• [TO DO]: Pictures excluded, output the lines of the data below between the one holding "SanDisk 16GB Ultra" and the one holding "Business card for Pappagallo (front)", inclusive, exactly as they stand.
[EXTRACTED DATA — start]
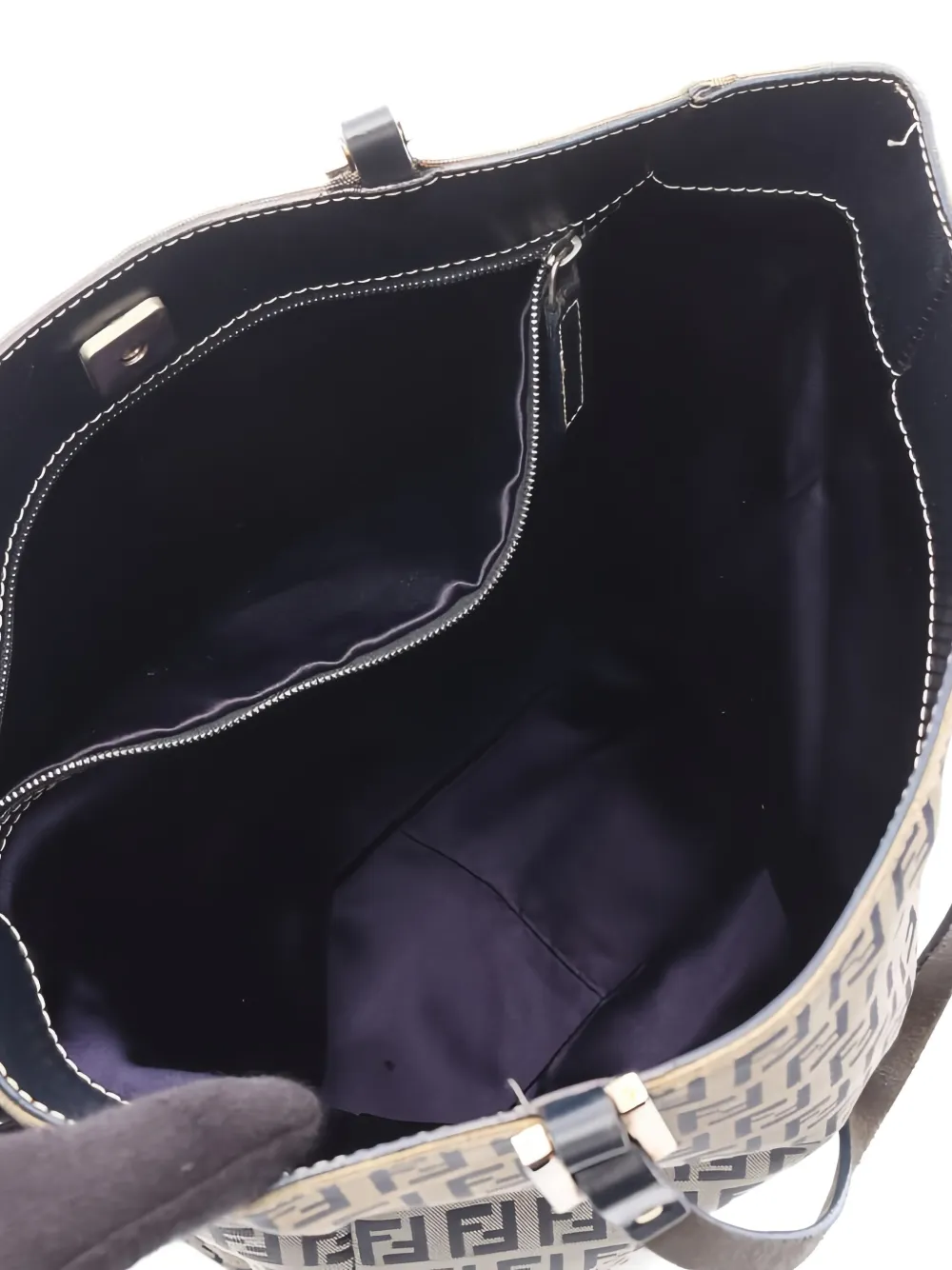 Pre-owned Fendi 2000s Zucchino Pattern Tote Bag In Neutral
[EXTRACTED DATA — finish]
[EXTRACTED DATA — start]
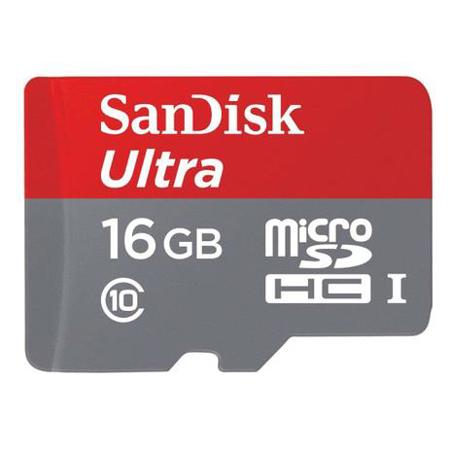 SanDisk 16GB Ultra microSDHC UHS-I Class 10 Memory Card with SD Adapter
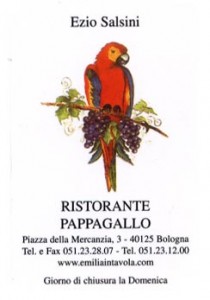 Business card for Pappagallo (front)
[EXTRACTED DATA — finish]
• [RESPONSE TO THIS TASK]:
 SanDisk 16GB Ultra microSDHC UHS-I Class 10 Memory Card with SD Adapter
 Business card for Pappagallo (front)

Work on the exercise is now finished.